- STUDY MATERIAL

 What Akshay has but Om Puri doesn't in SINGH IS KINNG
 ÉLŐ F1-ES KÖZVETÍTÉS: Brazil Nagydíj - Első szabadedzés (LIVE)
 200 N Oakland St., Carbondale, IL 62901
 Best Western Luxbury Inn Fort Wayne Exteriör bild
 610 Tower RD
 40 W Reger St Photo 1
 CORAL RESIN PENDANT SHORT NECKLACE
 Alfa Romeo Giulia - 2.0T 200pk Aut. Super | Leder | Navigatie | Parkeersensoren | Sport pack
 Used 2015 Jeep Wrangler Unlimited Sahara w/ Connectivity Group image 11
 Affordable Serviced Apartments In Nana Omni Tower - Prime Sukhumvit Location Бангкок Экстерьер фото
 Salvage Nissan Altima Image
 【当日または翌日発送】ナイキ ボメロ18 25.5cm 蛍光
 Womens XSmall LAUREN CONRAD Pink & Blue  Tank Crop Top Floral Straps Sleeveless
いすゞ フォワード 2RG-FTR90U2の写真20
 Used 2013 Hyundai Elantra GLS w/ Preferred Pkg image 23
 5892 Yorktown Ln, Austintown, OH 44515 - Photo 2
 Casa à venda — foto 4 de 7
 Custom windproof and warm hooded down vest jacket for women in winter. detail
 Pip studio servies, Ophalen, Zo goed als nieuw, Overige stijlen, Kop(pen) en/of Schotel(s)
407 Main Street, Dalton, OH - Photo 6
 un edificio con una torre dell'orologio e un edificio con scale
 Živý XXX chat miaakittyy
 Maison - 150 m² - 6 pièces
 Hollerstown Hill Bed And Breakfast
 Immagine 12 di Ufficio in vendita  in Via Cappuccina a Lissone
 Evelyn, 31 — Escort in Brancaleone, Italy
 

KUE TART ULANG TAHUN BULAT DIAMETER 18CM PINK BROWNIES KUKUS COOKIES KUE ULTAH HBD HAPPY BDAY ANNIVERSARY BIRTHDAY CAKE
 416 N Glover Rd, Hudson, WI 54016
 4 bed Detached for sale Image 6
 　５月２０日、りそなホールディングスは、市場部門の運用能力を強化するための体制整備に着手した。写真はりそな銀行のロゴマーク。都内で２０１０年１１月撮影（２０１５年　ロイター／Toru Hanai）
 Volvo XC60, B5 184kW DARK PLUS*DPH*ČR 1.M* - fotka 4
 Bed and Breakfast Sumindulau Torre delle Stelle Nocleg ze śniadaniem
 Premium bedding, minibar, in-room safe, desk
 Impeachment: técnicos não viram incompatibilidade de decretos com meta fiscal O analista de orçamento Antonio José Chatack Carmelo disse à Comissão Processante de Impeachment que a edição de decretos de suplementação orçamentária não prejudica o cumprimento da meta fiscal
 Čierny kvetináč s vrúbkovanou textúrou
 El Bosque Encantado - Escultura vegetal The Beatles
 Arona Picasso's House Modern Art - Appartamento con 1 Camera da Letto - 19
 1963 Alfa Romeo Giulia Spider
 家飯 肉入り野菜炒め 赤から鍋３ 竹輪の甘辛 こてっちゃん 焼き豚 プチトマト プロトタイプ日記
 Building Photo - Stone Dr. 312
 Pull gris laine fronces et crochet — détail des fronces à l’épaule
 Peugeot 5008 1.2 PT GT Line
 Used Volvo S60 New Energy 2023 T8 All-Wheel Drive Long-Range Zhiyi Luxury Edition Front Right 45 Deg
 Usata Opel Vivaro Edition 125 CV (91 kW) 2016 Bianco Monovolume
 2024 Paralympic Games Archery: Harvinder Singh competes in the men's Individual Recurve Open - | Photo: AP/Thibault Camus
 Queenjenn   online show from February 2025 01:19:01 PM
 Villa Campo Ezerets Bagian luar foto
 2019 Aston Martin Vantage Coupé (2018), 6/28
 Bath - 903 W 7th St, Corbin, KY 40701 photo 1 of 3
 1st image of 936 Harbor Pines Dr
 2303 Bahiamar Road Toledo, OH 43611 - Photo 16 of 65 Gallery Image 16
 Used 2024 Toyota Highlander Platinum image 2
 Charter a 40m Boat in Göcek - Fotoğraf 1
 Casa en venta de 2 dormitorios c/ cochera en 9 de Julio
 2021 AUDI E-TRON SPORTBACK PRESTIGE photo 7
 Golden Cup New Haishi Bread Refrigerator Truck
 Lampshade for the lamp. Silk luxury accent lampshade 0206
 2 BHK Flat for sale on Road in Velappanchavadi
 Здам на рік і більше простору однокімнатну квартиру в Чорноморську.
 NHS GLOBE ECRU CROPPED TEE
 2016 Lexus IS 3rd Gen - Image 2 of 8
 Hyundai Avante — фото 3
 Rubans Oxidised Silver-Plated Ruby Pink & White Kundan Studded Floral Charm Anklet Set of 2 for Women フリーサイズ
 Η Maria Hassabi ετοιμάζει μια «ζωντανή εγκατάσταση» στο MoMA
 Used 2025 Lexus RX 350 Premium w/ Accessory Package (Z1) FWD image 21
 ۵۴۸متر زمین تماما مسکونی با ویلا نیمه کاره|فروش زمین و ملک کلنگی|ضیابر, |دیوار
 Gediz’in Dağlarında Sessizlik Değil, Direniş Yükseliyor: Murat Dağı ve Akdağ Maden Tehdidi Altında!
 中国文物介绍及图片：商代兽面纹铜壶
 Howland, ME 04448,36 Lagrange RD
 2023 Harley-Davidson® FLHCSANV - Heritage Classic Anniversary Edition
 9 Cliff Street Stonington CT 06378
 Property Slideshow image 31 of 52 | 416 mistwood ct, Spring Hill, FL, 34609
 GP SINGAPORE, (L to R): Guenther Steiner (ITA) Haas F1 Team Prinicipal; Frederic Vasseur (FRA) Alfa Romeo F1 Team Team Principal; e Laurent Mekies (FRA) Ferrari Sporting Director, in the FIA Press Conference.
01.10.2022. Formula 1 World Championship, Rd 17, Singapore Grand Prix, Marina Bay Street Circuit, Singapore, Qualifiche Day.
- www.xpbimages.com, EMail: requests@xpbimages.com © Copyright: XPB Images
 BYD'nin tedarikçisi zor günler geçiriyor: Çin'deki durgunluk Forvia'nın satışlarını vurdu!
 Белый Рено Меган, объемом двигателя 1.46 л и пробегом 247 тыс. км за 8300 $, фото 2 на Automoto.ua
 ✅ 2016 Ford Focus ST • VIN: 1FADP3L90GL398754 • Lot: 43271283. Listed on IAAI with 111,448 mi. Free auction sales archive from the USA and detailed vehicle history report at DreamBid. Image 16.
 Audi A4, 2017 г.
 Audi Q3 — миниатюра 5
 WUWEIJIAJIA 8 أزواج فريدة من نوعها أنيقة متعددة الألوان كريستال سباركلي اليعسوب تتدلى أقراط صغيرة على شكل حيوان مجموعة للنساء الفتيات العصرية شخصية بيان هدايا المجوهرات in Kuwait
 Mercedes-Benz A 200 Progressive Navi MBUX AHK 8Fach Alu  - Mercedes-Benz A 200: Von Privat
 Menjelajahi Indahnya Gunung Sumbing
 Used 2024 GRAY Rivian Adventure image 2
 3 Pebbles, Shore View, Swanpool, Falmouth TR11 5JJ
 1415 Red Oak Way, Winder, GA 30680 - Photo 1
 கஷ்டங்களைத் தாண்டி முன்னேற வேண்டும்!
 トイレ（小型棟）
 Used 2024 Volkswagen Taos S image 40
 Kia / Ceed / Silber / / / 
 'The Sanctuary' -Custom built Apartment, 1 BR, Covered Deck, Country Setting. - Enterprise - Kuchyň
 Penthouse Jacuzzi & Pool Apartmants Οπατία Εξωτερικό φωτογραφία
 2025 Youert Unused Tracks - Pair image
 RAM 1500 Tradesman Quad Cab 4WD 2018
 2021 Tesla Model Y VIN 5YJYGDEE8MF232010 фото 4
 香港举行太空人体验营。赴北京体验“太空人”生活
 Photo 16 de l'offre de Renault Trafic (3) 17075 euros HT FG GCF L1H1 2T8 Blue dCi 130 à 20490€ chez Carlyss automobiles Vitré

- WHAT YOU NEED TO DO
Above are records; repeat only the lines starting at the line with "1963 Alfa Romeo Giulia Spider" and ending at the line with "2 BHK Flat for", exactly as they appear, both included.

- EXERCISE SOLUTION
 1963 Alfa Romeo Giulia Spider
 家飯 肉入り野菜炒め 赤から鍋３ 竹輪の甘辛 こてっちゃん 焼き豚 プチトマト プロトタイプ日記
 Building Photo - Stone Dr. 312
 Pull gris laine fronces et crochet — détail des fronces à l’épaule
 Peugeot 5008 1.2 PT GT Line
 Used Volvo S60 New Energy 2023 T8 All-Wheel Drive Long-Range Zhiyi Luxury Edition Front Right 45 Deg
 Usata Opel Vivaro Edition 125 CV (91 kW) 2016 Bianco Monovolume
 2024 Paralympic Games Archery: Harvinder Singh competes in the men's Individual Recurve Open - | Photo: AP/Thibault Camus
 Queenjenn   online show from February 2025 01:19:01 PM
 Villa Campo Ezerets Bagian luar foto
 2019 Aston Martin Vantage Coupé (2018), 6/28
 Bath - 903 W 7th St, Corbin, KY 40701 photo 1 of 3
 1st image of 936 Harbor Pines Dr
 2303 Bahiamar Road Toledo, OH 43611 - Photo 16 of 65 Gallery Image 16
 Used 2024 Toyota Highlander Platinum image 2
 Charter a 40m Boat in Göcek - Fotoğraf 1
 Casa en venta de 2 dormitorios c/ cochera en 9 de Julio
 2021 AUDI E-TRON SPORTBACK PRESTIGE photo 7
 Golden Cup New Haishi Bread Refrigerator Truck
 Lampshade for the lamp. Silk luxury accent lampshade 0206
 2 BHK Flat for sale on Road in Velappanchavadi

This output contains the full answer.